Eurasian Bank urges action to avert Central Asian water shortage disaster
Central Asia is facing a looming water crisis triggered by climate change, inefficient water management and a new water canal under construction in Afghanistan, the experts say.
According to research commissioned by the Eurasian Development Bank, from 2028-2029 Central Asia will face a shortage of 5-12 cu.km. of water a year, irrespective of yearly rainfall.
“We have five years to solve the problem,” Nikolay Podguzov, the chairman of the EDB board of directors, said at a recent meeting on the region’s water issues.
Central Asia is one of the world’s most vulnerable regions to the impact of climate change, he said. The yearly temperature is rising here faster than on average on the planet. The glaciers feeding the region’s rivers are rapidly melting — their area has shrunk by 30 percent in the past 50 years, he added.
“Our common reserves are dwindling, which is creating huge risks for our agricultural production and food security,” Podguzov said.

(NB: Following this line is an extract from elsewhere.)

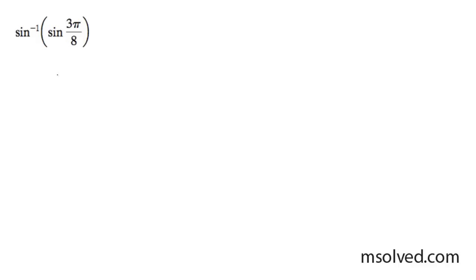So in this case, for the lack of better going through a complex process, it's simply just going to be 3 pi over 8.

The Bank’s chief economist Yevgeniy Vinokurov said the expected launch of the Kosh Tepa canal in Afghanistan in 2028 would “critically” reduce the amount of water available to Central Asian countries in the middle and lower Amu Darya river.
“The impact of the Afghan factor on the region’s water balance will be comparable to that from climate change or the demographic boom,” Vinokurov said.
Vinokurov said that in 2021 Central Asia was 90 percent self-sufficient in food. Water shortages will threaten the sustainability and profitability of the region’s farming industry, and will worsen its effect on the environment, causing soil salinisation, desertification, and loss of fertility.
A water crisis will lead to agricultural and energy crises, which might trigger mass migration from the rural areas to the towns and outside the region. By 2050 the number of people displaced by water shortages might reach 5m, the experts say.
Irrigated farming provides almost 66 percent of gross agricultural production in Central Asia. The region’s irrigation infrastructure is over 50 years old.
The Bank’s experts believe that the first immediate step that can and should be taken to prevent a regional water disaster is to address institutional issues and make agriculture and water usage more efficient.
“We must cut down water waste by 2.5 percent in the next five years. On the whole, water losses should be reduced by 30 percent by 2035.” Podguzov said.
He said this could be done by introducing digital technologies to monitor water usage and improved planning. The Bank is planning to invest at least 400m dollars towards such projects by 2026, he added.
The EDB is also prepared to allocate 10m dollars for pilot projects aimed at improving regional coordination in the water economy sector.
The experts are also calling for the establishment of a Central Asian water consortium for implementing joint irrigation projects.
The countries also need to set up a regional cluster to produce modern irrigation equipment, designed specifically for each country’s needs — almost all such equipment is currently exported, the experts say.